• TASK PROMPT: Word for word, restate the lines of the listing below from the line with "Scala City Center" through the line with "Project Cloud Women's", and do not include the pictures.

• DATA:

- Opening Delimiter -

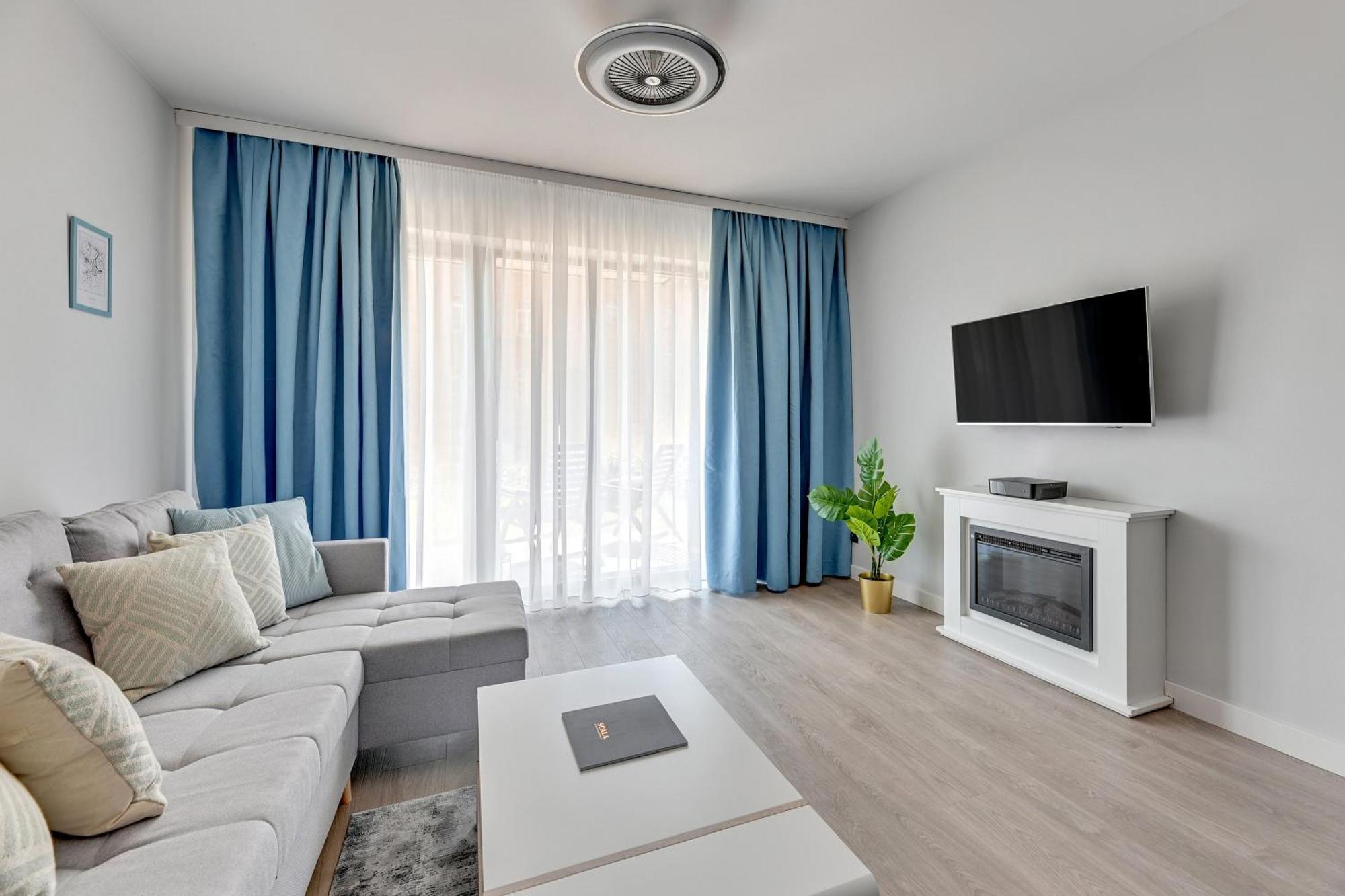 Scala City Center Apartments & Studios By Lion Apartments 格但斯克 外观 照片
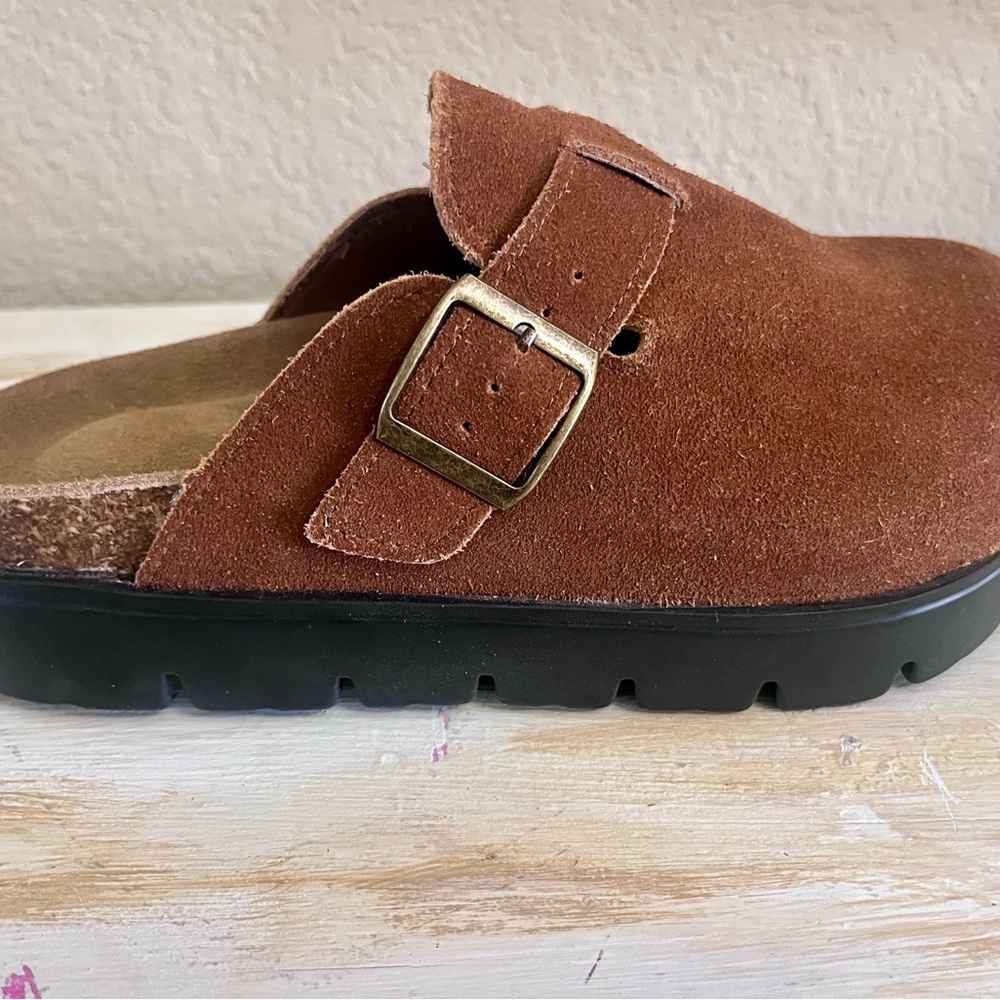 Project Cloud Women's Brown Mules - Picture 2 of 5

- Closing Delimiter -
- Opening Delimiter -

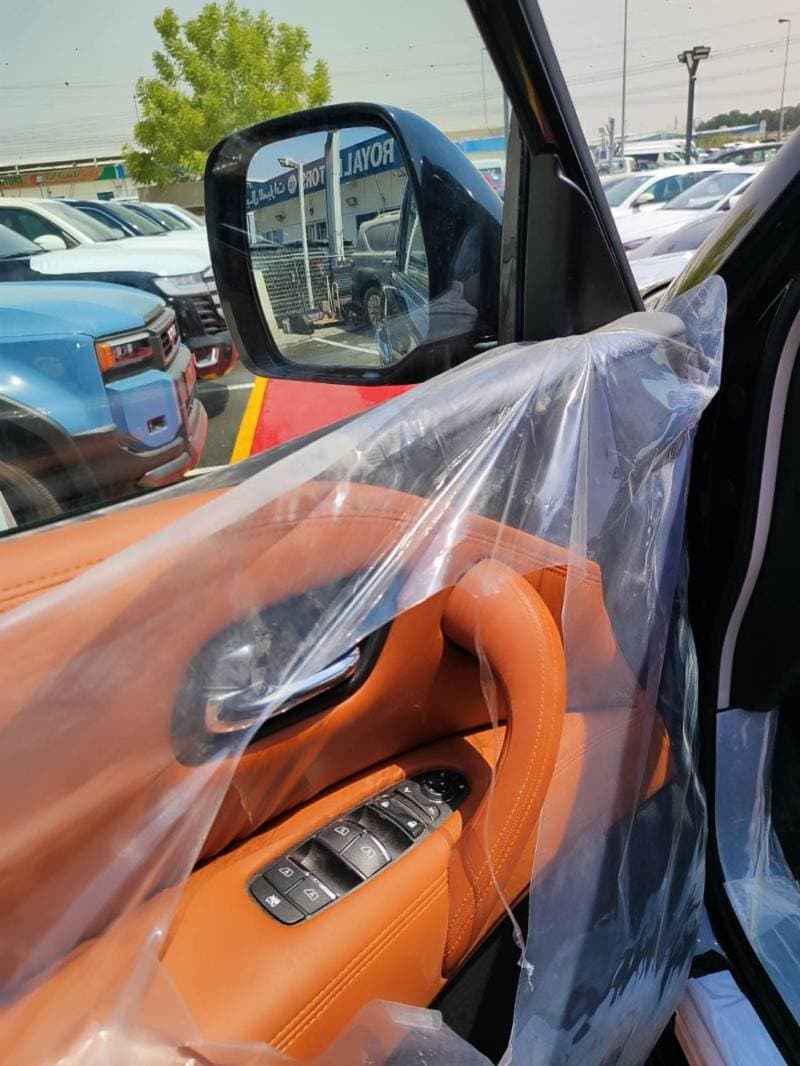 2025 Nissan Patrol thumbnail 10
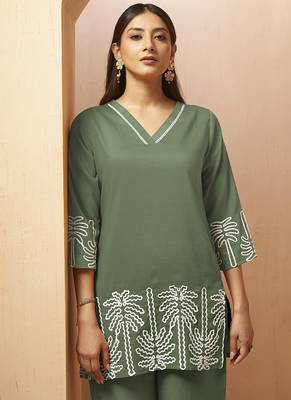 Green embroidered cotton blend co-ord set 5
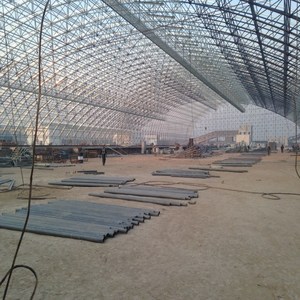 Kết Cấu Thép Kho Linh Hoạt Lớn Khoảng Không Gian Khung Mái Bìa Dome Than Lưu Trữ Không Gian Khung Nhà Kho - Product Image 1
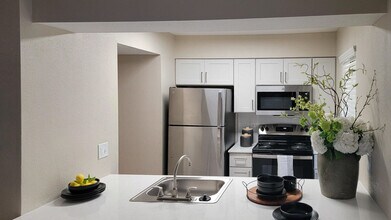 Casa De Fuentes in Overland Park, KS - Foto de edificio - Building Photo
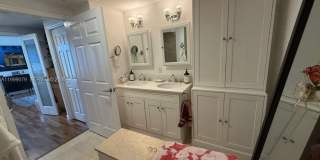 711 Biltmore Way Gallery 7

- Closing Delimiter -

• RESULT:
 Scala City Center Apartments & Studios By Lion Apartments 格但斯克 外观 照片
 Project Cloud Women's Brown Mules - Picture 2 of 5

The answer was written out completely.